# About this exercise
The whole of the data is to be reproduced exactly.

# Task data
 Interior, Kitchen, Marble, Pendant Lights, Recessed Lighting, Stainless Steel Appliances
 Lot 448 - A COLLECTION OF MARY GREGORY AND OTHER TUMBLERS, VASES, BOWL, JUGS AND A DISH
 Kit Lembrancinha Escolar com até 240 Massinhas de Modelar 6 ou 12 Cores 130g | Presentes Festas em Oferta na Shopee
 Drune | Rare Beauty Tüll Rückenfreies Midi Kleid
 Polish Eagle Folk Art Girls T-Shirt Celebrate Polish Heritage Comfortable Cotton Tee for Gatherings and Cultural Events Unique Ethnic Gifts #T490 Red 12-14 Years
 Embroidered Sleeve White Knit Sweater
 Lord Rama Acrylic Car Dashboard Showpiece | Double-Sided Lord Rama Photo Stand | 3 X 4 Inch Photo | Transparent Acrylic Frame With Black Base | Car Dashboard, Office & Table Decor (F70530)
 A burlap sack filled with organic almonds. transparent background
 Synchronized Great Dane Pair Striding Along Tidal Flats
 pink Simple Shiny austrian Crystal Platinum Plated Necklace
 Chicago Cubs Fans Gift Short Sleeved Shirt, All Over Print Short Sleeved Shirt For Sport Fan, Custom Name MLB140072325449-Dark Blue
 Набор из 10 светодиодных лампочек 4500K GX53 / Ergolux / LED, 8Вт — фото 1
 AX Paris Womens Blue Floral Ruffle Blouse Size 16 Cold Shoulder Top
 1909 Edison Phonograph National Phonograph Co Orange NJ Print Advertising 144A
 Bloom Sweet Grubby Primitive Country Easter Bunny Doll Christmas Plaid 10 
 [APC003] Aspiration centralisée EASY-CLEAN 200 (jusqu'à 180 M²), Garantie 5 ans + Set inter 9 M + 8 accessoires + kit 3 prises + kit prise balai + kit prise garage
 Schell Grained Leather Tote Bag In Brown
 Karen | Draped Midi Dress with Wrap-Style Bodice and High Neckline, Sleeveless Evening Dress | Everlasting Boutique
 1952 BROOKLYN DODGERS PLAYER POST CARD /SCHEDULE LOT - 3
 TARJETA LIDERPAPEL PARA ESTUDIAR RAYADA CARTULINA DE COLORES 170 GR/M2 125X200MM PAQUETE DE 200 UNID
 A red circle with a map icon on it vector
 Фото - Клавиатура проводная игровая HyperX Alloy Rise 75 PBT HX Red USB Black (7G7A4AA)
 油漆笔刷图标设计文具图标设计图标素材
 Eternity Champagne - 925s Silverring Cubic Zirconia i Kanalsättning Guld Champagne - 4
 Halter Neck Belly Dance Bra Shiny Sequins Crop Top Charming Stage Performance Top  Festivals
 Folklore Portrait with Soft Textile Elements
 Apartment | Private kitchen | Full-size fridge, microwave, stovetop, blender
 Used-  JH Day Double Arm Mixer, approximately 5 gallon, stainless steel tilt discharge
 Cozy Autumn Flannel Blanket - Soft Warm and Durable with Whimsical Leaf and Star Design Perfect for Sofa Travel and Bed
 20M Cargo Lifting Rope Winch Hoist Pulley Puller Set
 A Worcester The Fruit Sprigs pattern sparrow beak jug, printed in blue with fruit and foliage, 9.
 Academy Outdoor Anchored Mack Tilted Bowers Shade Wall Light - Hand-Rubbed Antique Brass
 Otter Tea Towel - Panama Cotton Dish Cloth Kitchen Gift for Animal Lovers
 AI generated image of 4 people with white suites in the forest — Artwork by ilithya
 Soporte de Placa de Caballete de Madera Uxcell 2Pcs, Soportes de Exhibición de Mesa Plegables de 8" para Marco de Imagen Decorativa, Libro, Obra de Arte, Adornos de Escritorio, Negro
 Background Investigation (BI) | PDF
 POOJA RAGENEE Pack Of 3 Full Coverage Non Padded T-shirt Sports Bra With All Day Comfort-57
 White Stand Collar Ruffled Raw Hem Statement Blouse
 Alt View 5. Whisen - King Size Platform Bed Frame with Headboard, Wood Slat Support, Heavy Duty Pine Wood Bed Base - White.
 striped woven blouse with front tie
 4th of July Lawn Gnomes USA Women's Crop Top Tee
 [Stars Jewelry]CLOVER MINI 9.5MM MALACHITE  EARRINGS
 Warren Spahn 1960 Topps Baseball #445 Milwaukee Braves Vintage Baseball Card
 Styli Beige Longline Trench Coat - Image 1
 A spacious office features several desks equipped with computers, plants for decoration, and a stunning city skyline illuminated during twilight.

# Exercise answer
 Interior, Kitchen, Marble, Pendant Lights, Recessed Lighting, Stainless Steel Appliances
 Lot 448 - A COLLECTION OF MARY GREGORY AND OTHER TUMBLERS, VASES, BOWL, JUGS AND A DISH
 Kit Lembrancinha Escolar com até 240 Massinhas de Modelar 6 ou 12 Cores 130g | Presentes Festas em Oferta na Shopee
 Drune | Rare Beauty Tüll Rückenfreies Midi Kleid
 Polish Eagle Folk Art Girls T-Shirt Celebrate Polish Heritage Comfortable Cotton Tee for Gatherings and Cultural Events Unique Ethnic Gifts #T490 Red 12-14 Years
 Embroidered Sleeve White Knit Sweater
 Lord Rama Acrylic Car Dashboard Showpiece | Double-Sided Lord Rama Photo Stand | 3 X 4 Inch Photo | Transparent Acrylic Frame With Black Base | Car Dashboard, Office & Table Decor (F70530)
 A burlap sack filled with organic almonds. transparent background
 Synchronized Great Dane Pair Striding Along Tidal Flats
 pink Simple Shiny austrian Crystal Platinum Plated Necklace
 Chicago Cubs Fans Gift Short Sleeved Shirt, All Over Print Short Sleeved Shirt For Sport Fan, Custom Name MLB140072325449-Dark Blue
 Набор из 10 светодиодных лампочек 4500K GX53 / Ergolux / LED, 8Вт — фото 1
 AX Paris Womens Blue Floral Ruffle Blouse Size 16 Cold Shoulder Top
 1909 Edison Phonograph National Phonograph Co Orange NJ Print Advertising 144A
 Bloom Sweet Grubby Primitive Country Easter Bunny Doll Christmas Plaid 10 
 [APC003] Aspiration centralisée EASY-CLEAN 200 (jusqu'à 180 M²), Garantie 5 ans + Set inter 9 M + 8 accessoires + kit 3 prises + kit prise balai + kit prise garage
 Schell Grained Leather Tote Bag In Brown
 Karen | Draped Midi Dress with Wrap-Style Bodice and High Neckline, Sleeveless Evening Dress | Everlasting Boutique
 1952 BROOKLYN DODGERS PLAYER POST CARD /SCHEDULE LOT - 3
 TARJETA LIDERPAPEL PARA ESTUDIAR RAYADA CARTULINA DE COLORES 170 GR/M2 125X200MM PAQUETE DE 200 UNID
 A red circle with a map icon on it vector
 Фото - Клавиатура проводная игровая HyperX Alloy Rise 75 PBT HX Red USB Black (7G7A4AA)
 油漆笔刷图标设计文具图标设计图标素材
 Eternity Champagne - 925s Silverring Cubic Zirconia i Kanalsättning Guld Champagne - 4
 Halter Neck Belly Dance Bra Shiny Sequins Crop Top Charming Stage Performance Top  Festivals
 Folklore Portrait with Soft Textile Elements
 Apartment | Private kitchen | Full-size fridge, microwave, stovetop, blender
 Used-  JH Day Double Arm Mixer, approximately 5 gallon, stainless steel tilt discharge
 Cozy Autumn Flannel Blanket - Soft Warm and Durable with Whimsical Leaf and Star Design Perfect for Sofa Travel and Bed
 20M Cargo Lifting Rope Winch Hoist Pulley Puller Set
 A Worcester The Fruit Sprigs pattern sparrow beak jug, printed in blue with fruit and foliage, 9.
 Academy Outdoor Anchored Mack Tilted Bowers Shade Wall Light - Hand-Rubbed Antique Brass
 Otter Tea Towel - Panama Cotton Dish Cloth Kitchen Gift for Animal Lovers
 AI generated image of 4 people with white suites in the forest — Artwork by ilithya
 Soporte de Placa de Caballete de Madera Uxcell 2Pcs, Soportes de Exhibición de Mesa Plegables de 8" para Marco de Imagen Decorativa, Libro, Obra de Arte, Adornos de Escritorio, Negro
 Background Investigation (BI) | PDF
 POOJA RAGENEE Pack Of 3 Full Coverage Non Padded T-shirt Sports Bra With All Day Comfort-57
 White Stand Collar Ruffled Raw Hem Statement Blouse
 Alt View 5. Whisen - King Size Platform Bed Frame with Headboard, Wood Slat Support, Heavy Duty Pine Wood Bed Base - White.
 striped woven blouse with front tie
 4th of July Lawn Gnomes USA Women's Crop Top Tee
 [Stars Jewelry]CLOVER MINI 9.5MM MALACHITE  EARRINGS
 Warren Spahn 1960 Topps Baseball #445 Milwaukee Braves Vintage Baseball Card
 Styli Beige Longline Trench Coat - Image 1
 A spacious office features several desks equipped with computers, plants for decoration, and a stunning city skyline illuminated during twilight.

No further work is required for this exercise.